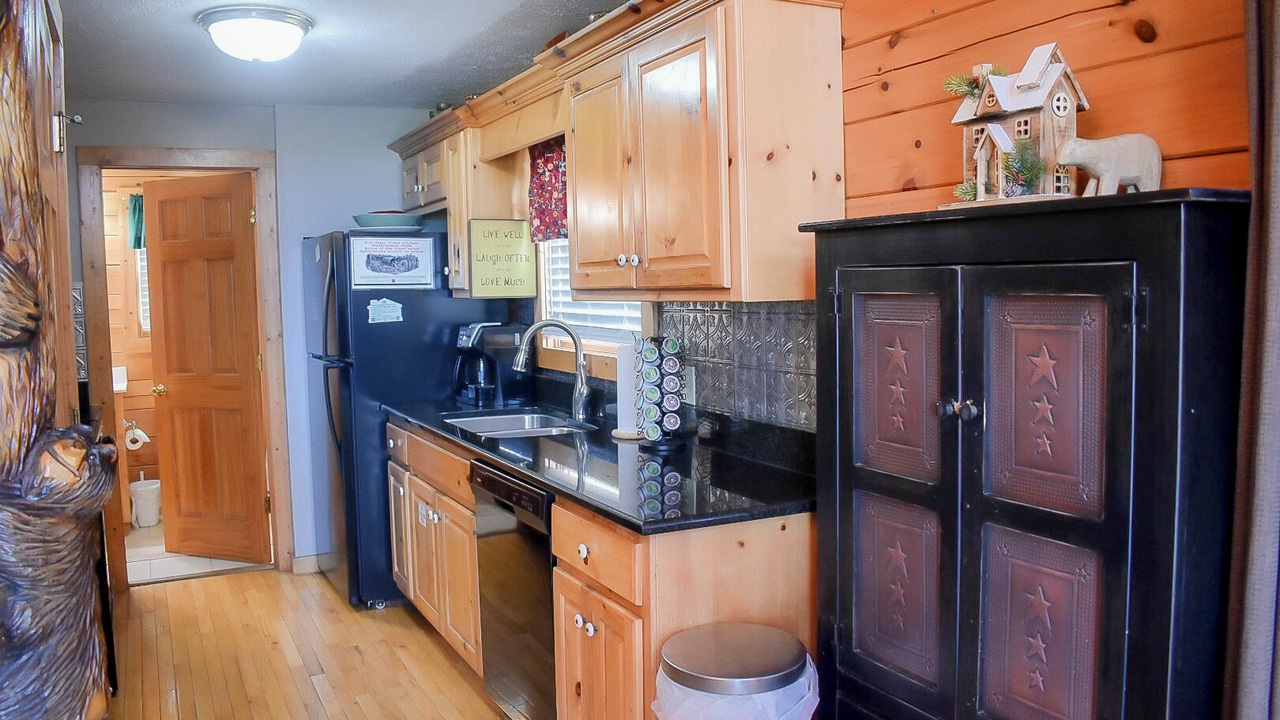 Photo of Kitchen in Black Bear Falls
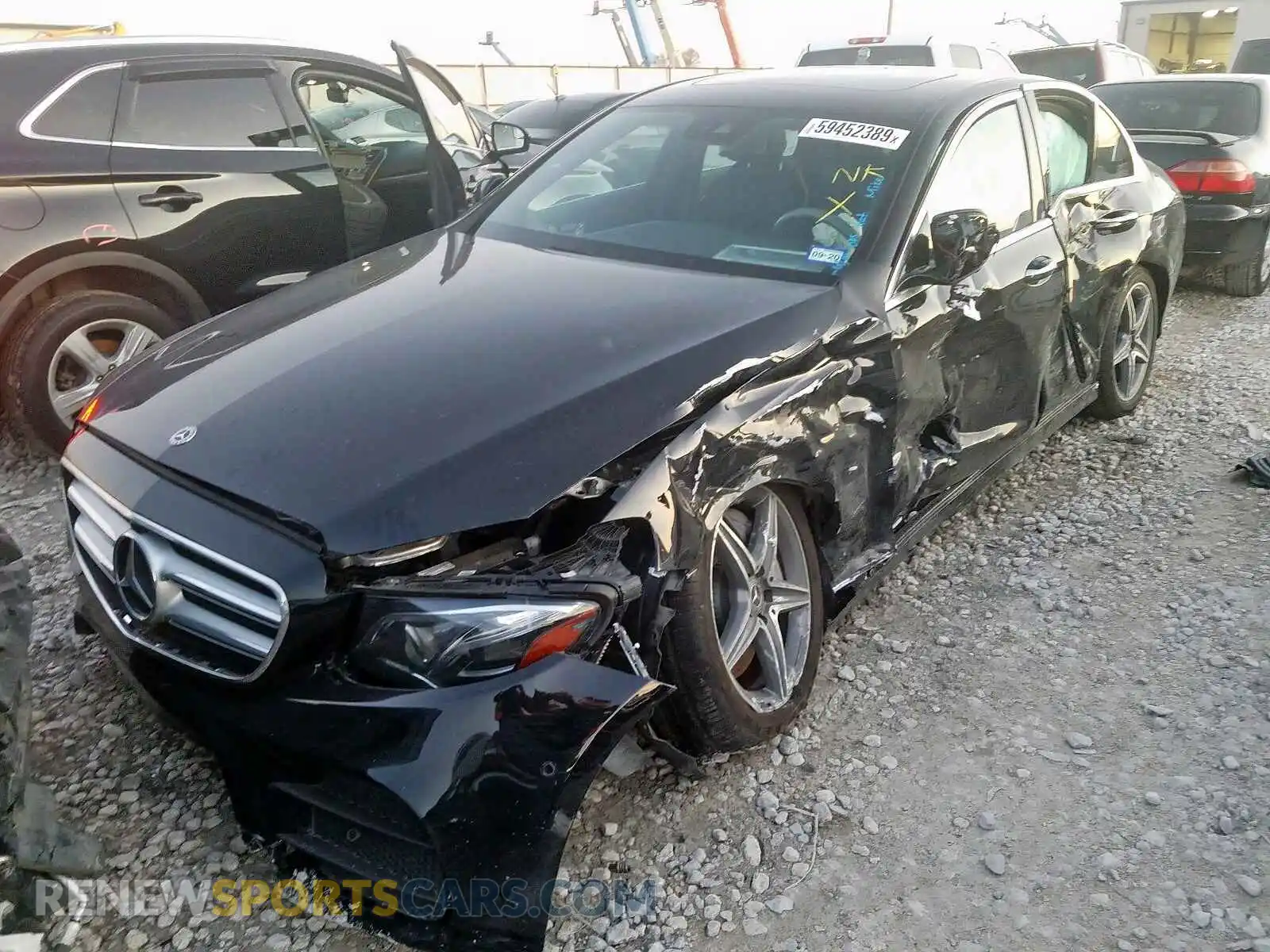 2 Photograph of a damaged car WDDZF4JB6KA515861 MERCEDES-BENZ E CLASS 2019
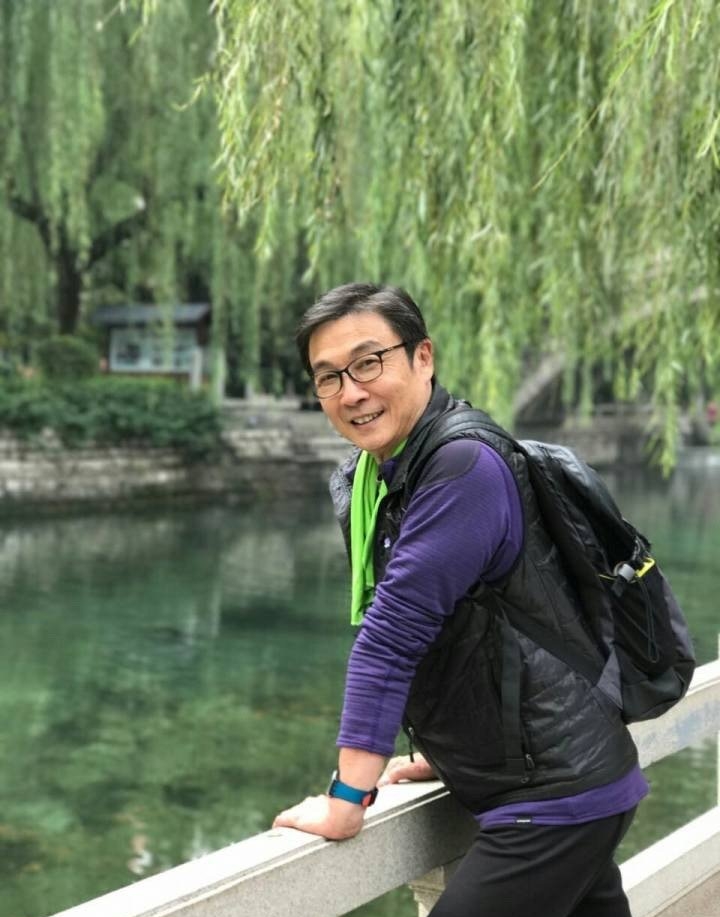 迎73岁生日发文惹哭粉丝 刘松仁:不需要记得刘松仁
---
### TASK DIRECTIONS
Print all of the material exactly. Omit pictures.

### SOLUTION TO THE PROBLEM
 Photo of Kitchen in Black Bear Falls
 2 Photograph of a damaged car WDDZF4JB6KA515861 MERCEDES-BENZ E CLASS 2019
 迎73岁生日发文惹哭粉丝 刘松仁:不需要记得刘松仁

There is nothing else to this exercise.